== TASK MATERIAL ==
==================================================

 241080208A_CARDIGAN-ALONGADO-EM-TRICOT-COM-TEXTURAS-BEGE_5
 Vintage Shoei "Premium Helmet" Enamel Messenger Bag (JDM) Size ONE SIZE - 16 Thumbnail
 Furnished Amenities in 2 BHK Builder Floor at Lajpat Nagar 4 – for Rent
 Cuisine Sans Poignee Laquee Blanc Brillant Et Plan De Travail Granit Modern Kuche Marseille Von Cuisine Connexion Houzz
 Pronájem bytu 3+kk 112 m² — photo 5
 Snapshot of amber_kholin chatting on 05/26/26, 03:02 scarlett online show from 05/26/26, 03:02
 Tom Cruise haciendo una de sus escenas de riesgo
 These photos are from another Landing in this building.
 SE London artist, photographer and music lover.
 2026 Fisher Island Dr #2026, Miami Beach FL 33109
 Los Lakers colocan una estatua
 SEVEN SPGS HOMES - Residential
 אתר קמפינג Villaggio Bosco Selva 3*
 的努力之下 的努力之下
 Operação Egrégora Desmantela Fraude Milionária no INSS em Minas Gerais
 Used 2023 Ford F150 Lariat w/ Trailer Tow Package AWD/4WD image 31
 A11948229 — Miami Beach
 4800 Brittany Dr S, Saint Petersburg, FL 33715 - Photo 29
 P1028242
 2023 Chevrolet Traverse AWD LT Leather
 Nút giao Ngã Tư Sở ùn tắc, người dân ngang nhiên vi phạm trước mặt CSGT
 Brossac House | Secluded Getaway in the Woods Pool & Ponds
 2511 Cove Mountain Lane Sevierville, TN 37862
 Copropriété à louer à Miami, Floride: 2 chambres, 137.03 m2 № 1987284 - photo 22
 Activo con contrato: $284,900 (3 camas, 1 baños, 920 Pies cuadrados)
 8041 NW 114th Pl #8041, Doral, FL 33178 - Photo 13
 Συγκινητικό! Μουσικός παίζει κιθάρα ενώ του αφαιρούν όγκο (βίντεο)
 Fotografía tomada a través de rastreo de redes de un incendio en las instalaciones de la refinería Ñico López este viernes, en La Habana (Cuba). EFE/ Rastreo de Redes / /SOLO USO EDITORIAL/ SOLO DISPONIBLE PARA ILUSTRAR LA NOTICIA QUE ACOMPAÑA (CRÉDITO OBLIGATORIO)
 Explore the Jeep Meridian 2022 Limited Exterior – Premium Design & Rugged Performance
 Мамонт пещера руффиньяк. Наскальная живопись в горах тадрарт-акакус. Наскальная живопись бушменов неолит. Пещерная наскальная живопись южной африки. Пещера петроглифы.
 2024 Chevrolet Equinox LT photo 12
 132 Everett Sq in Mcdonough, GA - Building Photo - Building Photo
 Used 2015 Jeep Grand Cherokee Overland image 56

==================================================

== WHAT YOU ARE ASKED TO DO ==
In full and without changes, copy the entries above.

== ANSWER SECTION ==
 241080208A_CARDIGAN-ALONGADO-EM-TRICOT-COM-TEXTURAS-BEGE_5
 Vintage Shoei "Premium Helmet" Enamel Messenger Bag (JDM) Size ONE SIZE - 16 Thumbnail
 Furnished Amenities in 2 BHK Builder Floor at Lajpat Nagar 4 – for Rent
 Cuisine Sans Poignee Laquee Blanc Brillant Et Plan De Travail Granit Modern Kuche Marseille Von Cuisine Connexion Houzz
 Pronájem bytu 3+kk 112 m² — photo 5
 Snapshot of amber_kholin chatting on 05/26/26, 03:02 scarlett online show from 05/26/26, 03:02
 Tom Cruise haciendo una de sus escenas de riesgo
 These photos are from another Landing in this building.
 SE London artist, photographer and music lover.
 2026 Fisher Island Dr #2026, Miami Beach FL 33109
 Los Lakers colocan una estatua
 SEVEN SPGS HOMES - Residential
 אתר קמפינג Villaggio Bosco Selva 3*
 的努力之下 的努力之下
 Operação Egrégora Desmantela Fraude Milionária no INSS em Minas Gerais
 Used 2023 Ford F150 Lariat w/ Trailer Tow Package AWD/4WD image 31
 A11948229 — Miami Beach
 4800 Brittany Dr S, Saint Petersburg, FL 33715 - Photo 29
 P1028242
 2023 Chevrolet Traverse AWD LT Leather
 Nút giao Ngã Tư Sở ùn tắc, người dân ngang nhiên vi phạm trước mặt CSGT
 Brossac House | Secluded Getaway in the Woods Pool & Ponds
 2511 Cove Mountain Lane Sevierville, TN 37862
 Copropriété à louer à Miami, Floride: 2 chambres, 137.03 m2 № 1987284 - photo 22
 Activo con contrato: $284,900 (3 camas, 1 baños, 920 Pies cuadrados)
 8041 NW 114th Pl #8041, Doral, FL 33178 - Photo 13
 Συγκινητικό! Μουσικός παίζει κιθάρα ενώ του αφαιρούν όγκο (βίντεο)
 Fotografía tomada a través de rastreo de redes de un incendio en las instalaciones de la refinería Ñico López este viernes, en La Habana (Cuba). EFE/ Rastreo de Redes / /SOLO USO EDITORIAL/ SOLO DISPONIBLE PARA ILUSTRAR LA NOTICIA QUE ACOMPAÑA (CRÉDITO OBLIGATORIO)
 Explore the Jeep Meridian 2022 Limited Exterior – Premium Design & Rugged Performance
 Мамонт пещера руффиньяк. Наскальная живопись в горах тадрарт-акакус. Наскальная живопись бушменов неолит. Пещерная наскальная живопись южной африки. Пещера петроглифы.
 2024 Chevrolet Equinox LT photo 12
 132 Everett Sq in Mcdonough, GA - Building Photo - Building Photo
 Used 2015 Jeep Grand Cherokee Overland image 56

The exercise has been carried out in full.